The Citadel by A. J. Cronin

The Citadel by A. J. Cronin

Author:A. J. Cronin [Cronin, A.]
Language: eng
Format: epub, mobi


Chapter Sixteen

Andrew woke up in the middle of that night groaning:

‘Am I a fool, Chris? Chucking away our living – a sound job? after all, I was getting a few private patients lately. And Llewellyn has been pretty decent. Did I tell you? – he half promised to let me consult at the hospital. And the Committee – they aren’t a bad lot when you cut out the Chenkin crowd. I believe in time when Llewellyn retired they might have made me head doctor in his place.’

She comforted him, quiet, reasonable, lying beside him in the darkness.

‘You don’t really want us to stay in a Welsh mining practice all our lives, my dear. We’ve been happy here, but it’s time for us to move on.’

‘But listen, Chris,’ he worried, ‘we haven’t enough to buy a practice yet. We ought to have collected some more money before we hoofed it.’

She answered sleepily. ‘What has money got to do with it? Besides, we’re going to spend all we’ve got – almost – on a real holiday. Do you realise you’ve hardly been away from these old mines for nearly four years.’

Her spirit infected him. Next morning the world seemed a gay and careless place. At breakfast, which he ate with new relish, he declared:

‘You’re not a bad old girl, Chris. Instead of getting up on the platform and telling me you expect Big Things of me, now that it’s time for me to go out and make my mark in the world, you just –’

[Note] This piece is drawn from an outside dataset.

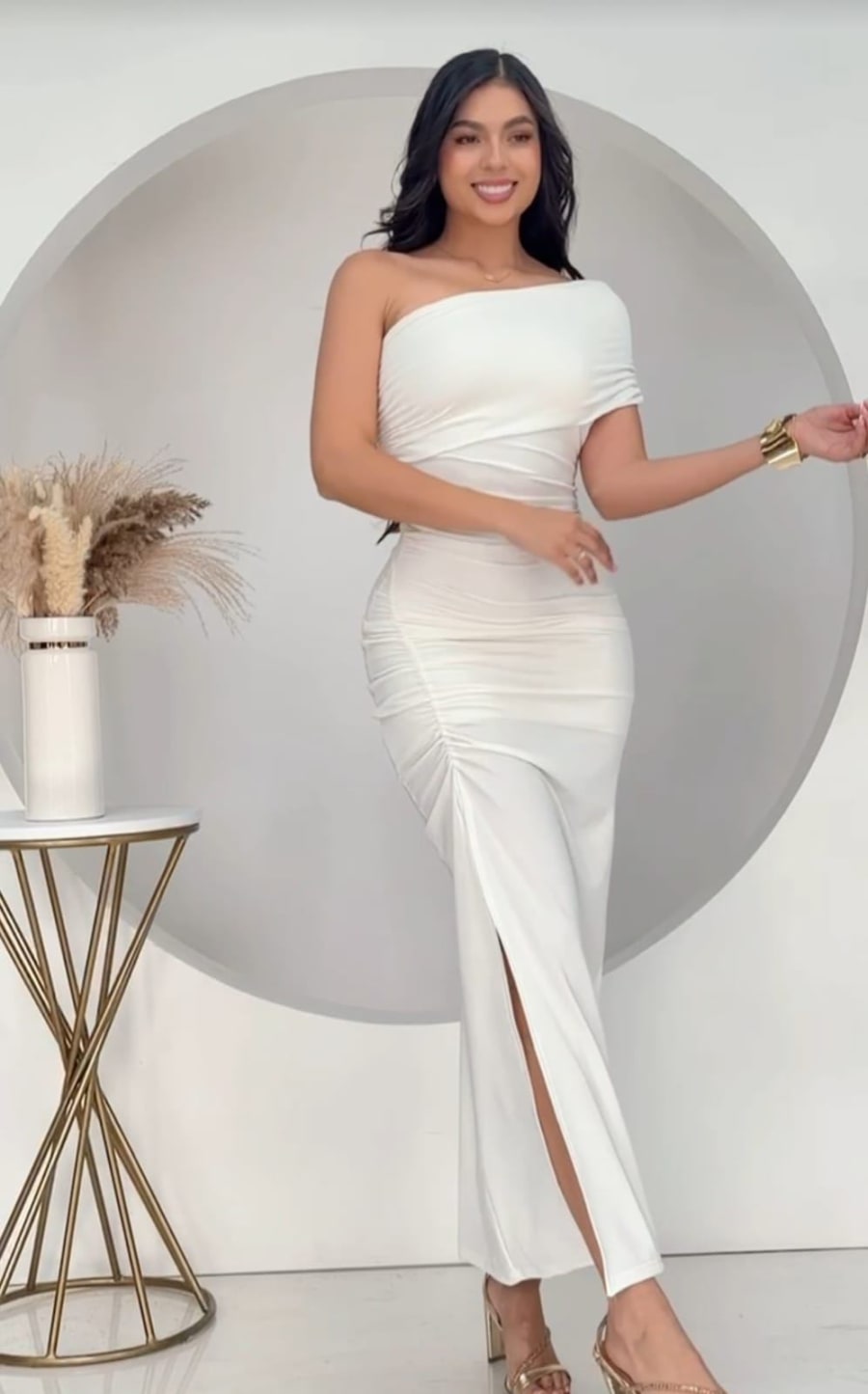 VESTIDO ASIMETRICO LARGO 2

She was not listening to him. Irrelevantly she protested.

‘Really, dear, I wish you wouldn’t bunch the paper so! I thought it was only women did that. How do you expect me to read my gardening column?’

‘Don’t read it.’ On his way to the door he kissed her, smiling. ‘Think about me.’

He felt adventurous, prepared to take his chance with life. Besides, the cautious side of him could not avoid glancing at the assets side of his balance sheet. He had his MRCP, an honours MD and over £300 in the bank. With all this behind them surely they would not starve.

It was well that their intention stood firm. A revulsion of sentiment had swept upon the town. Now that he was going of his own free will everybody wished him to remain.

The climax came a week after the meeting when Owen unsuccessfully headed a deputation to Vale View to ask Andrew to reconsider his decision. Thereafter the feeling against Ed Chenkin swelled to the verge of violence. He was booed in the Rows. Twice he was played home from the mine by the penny-whistle band, an ignominy usually reserved by the workmen for a blackleg.

In the face of all these local reverberations it was strange how lightly his thesis appeared to have shaken the outer world. It had gained him his MD. It had been printed in the Journal of Industrial Health, in England and published as a brochure in the United States by the Association of American Hygiene.